*** Record set ***
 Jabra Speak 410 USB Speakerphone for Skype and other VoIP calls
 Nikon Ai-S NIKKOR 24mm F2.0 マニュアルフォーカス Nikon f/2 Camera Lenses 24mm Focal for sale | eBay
*** End of Record set ***
*** Record set ***
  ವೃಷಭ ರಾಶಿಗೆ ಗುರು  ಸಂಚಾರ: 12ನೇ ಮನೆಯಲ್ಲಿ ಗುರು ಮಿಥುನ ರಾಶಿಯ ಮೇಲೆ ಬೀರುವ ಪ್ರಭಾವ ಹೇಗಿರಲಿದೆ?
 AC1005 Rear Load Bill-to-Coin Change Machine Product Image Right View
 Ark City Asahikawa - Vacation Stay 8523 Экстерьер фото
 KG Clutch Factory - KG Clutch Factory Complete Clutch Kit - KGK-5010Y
*** End of Record set ***
*** Record set ***
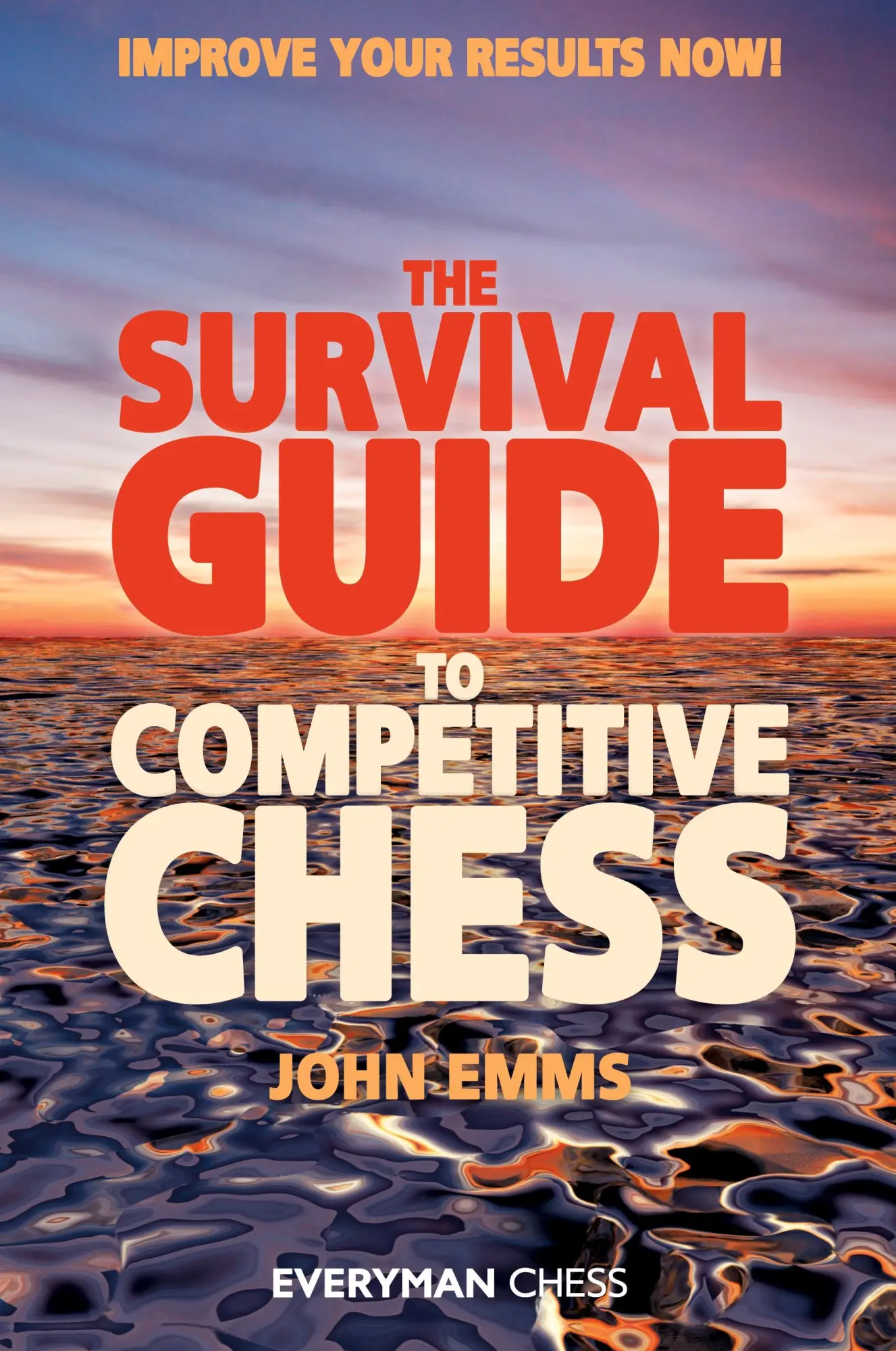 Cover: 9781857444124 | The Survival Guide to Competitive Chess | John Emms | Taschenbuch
*** End of Record set ***
Work required -
Once you find the line with "Jabra Speak 410" above, print it and every line after it up to and including the line with "Nikon Ai-S NIKKOR", exactly as written and nothing else.

Finished task -
 Jabra Speak 410 USB Speakerphone for Skype and other VoIP calls
 Nikon Ai-S NIKKOR 24mm F2.0 マニュアルフォーカス Nikon f/2 Camera Lenses 24mm Focal for sale | eBay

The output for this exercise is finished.